EXERCISE GOAL: From the records that follow, return exactly the lines beginning at the one that contains "Free People Dresses" and ending at the one that contains "WoozKa Brands Hiking", pictures left out.

SUPPLIED RECORDS:
· · ·
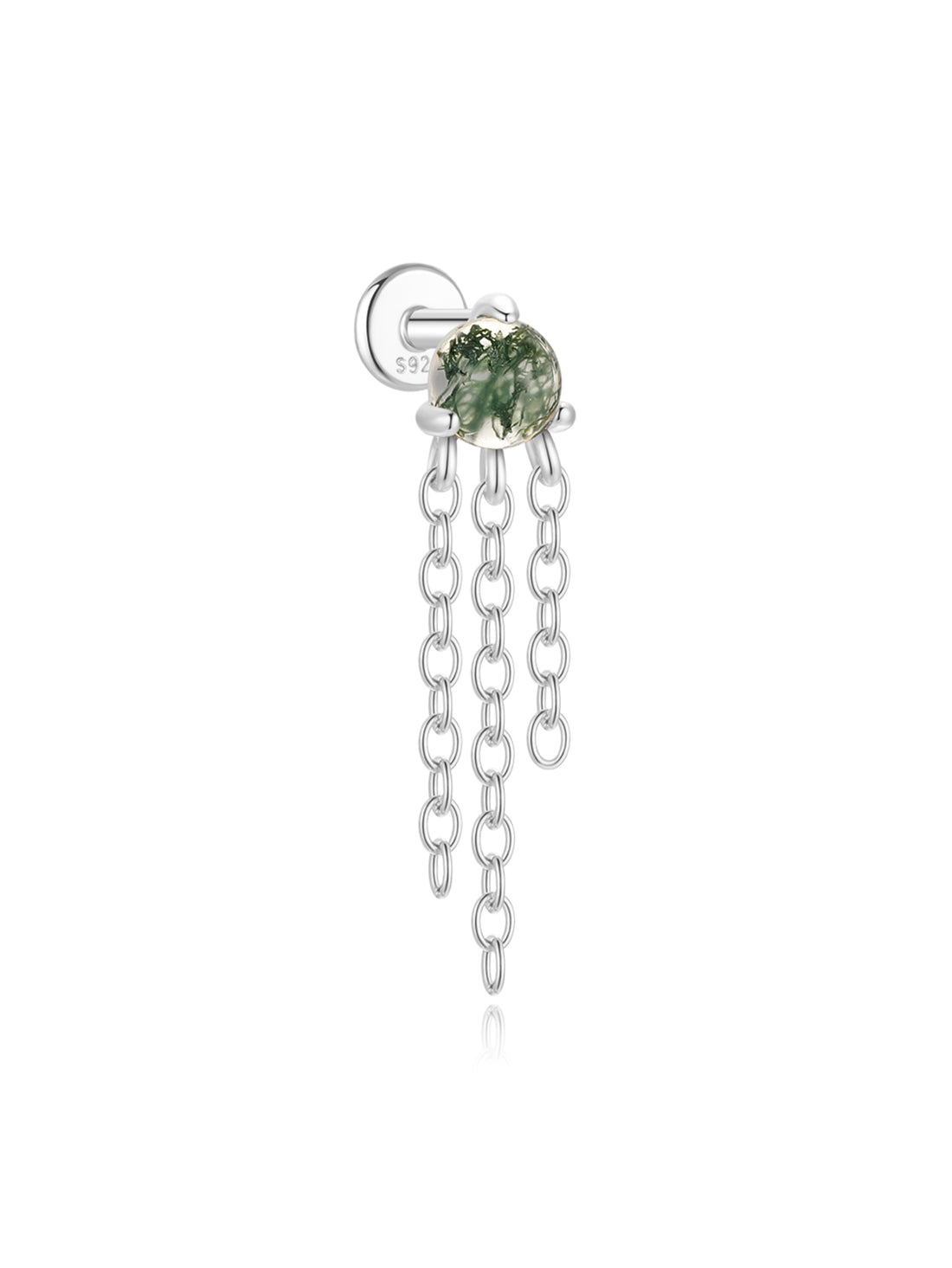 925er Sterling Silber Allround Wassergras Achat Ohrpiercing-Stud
· · ·
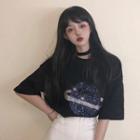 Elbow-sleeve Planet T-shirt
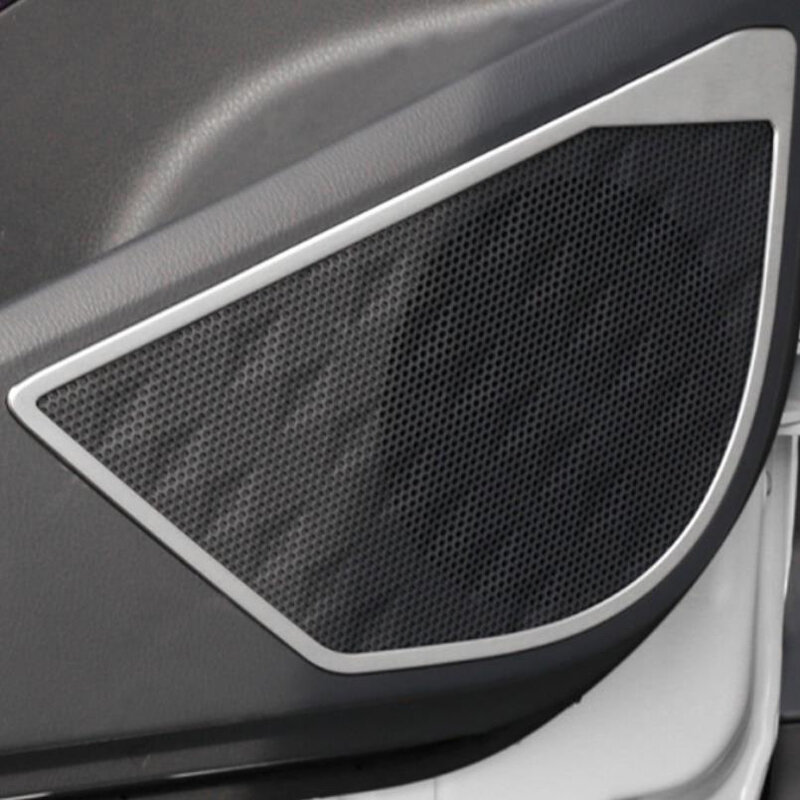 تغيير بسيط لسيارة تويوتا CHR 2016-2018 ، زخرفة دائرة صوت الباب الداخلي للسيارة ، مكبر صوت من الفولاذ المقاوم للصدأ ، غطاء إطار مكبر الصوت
· · ·
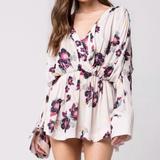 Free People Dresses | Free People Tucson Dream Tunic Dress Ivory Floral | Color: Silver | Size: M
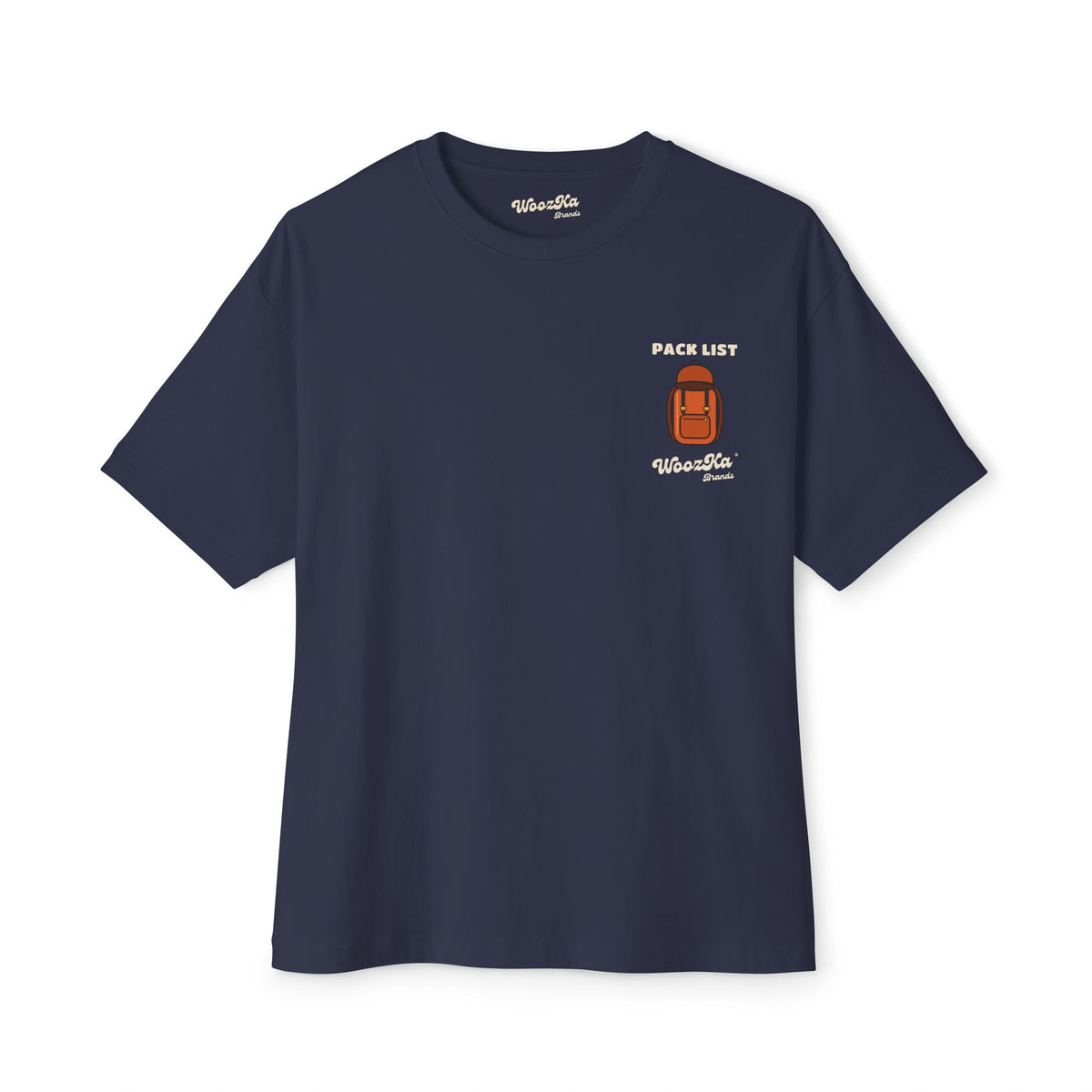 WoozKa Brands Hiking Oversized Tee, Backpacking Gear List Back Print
· · ·
OUTPUT OF THE TASK:
 Free People Dresses | Free People Tucson Dream Tunic Dress Ivory Floral | Color: Silver | Size: M
 WoozKa Brands Hiking Oversized Tee, Backpacking Gear List Back Print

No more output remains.